Martine Brunschwig-Graf et son complice Gérard Ramseyer (ministre de la police à Genève) font la sourde oreille et obtiennent le feu vert du Conseil fédéral pour le maintien de soldats armés avec leur fusil d'assaut chargé de munitions de guerre et protégés par de nombreux rouleaux de barbelés. Quel spectacle pour les Genevois et les touristes!

Il faut, nous dit-on, protéger les ambassades des pays engagés dans le conflit dans les Balkans et se protéger des Kurdes, depuis l'arrestation du chef du PKK (parti des travailleurs du Kurdistan) Abdullah Öcalan, servi sur un plateau à la Turquie par la CIA.

Dans cette logique militaire, policière et politique, je pense que nous devons garder définitivement l'armée à Genève. Des guerres existent (Inde-Pakistan, par exemple) et existeront. Des chefs politiques seront encore arrêtés et condamnés (Milosevic, par exemple). Tout compte fait, cela prouve à ce canton pacifiste et antimilitariste combien l'armée est utile et bienveillante. Somme toute, gardons-la, elle gêne si peu! Et puis on s'y habitue.

Et bien non!

Cette présence de l'armée n'est qu'une provocation et va une fois de plus à l'encontre des vrais problèmes et d'une résolution pacifiste et politique de ceux-ci. Les quelques escarmouches que Genève a connues ne justifient en rien cette inutile démonstration militaire. Nous avons la Genève internationale, la Genève de Paix et la Croix-Rouge. Il est bien normal que les opprimés puissent manifester et revendiquer publiquement dans cette ville symbole des droits humains.

Au moment de conclure cet article (8.7.99), j'apprend par un journal genevois que les militaires entament leur retrait de la cité du bout du lac... Il ne reste "que" 500 soldats sur les 700 depuis le 1er juillet. Puisque l'OTAN a mis fin à ses bombardements et que Milosevic a cessé ses exactions, les missions et ambassades des pays concernés ne demandent plus de protection spéciale. Et puis à certains endroits de la ville, ce n'est pas vraiment une belle image pour les touristes.
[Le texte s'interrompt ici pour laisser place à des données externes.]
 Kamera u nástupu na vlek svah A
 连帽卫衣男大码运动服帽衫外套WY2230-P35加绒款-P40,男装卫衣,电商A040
Mais attention, Öcalan a été condamné à mort. Après le passage en cour de cassation, c'est la commission juridique du parlement d'Ankara qui se prononcera, peut-être fin août. La cour européenne des droits de l'Homme à Strasbourg sera saisie d'un recours des défenseurs d'Öcalan. Ce tribunal aura besoin d'au moins un an pour statuer.

La voie est donc libre pour le maintien, même quelque peu réduit, de l'armée à Genève au-delà de l'an 2000. C'est une honte pour Genève et ses habitant-e-s, c'est un affront au peuple kurde. La poursuite de cette démonstration de force fait le jeu de la Turquie, qui exploite bien dans les médias les mesures suisses opposée aux "terrorisme" kurde! Ceci dit, si certains gardes du Palais des Nations sont reconnaissants des mesures prises par la Confédération, d'autres estiment ce dispositif disproportionné et concluent: «nous avons travaillé dans des endroits bien plus dangereux que Genève. Les barbelés et les soldats vont à contresens des efforts entrepris par notre institution pour promouvoir la paix des Nations.»

En guise de conclusion, signalons que la Suisse, en dépit de ses protestations officielles suite à la condamnation d'Öcalan, continue de livrer des armes à la Turquie! Business as usual, et repassez pour des excuses dans cinquante ans.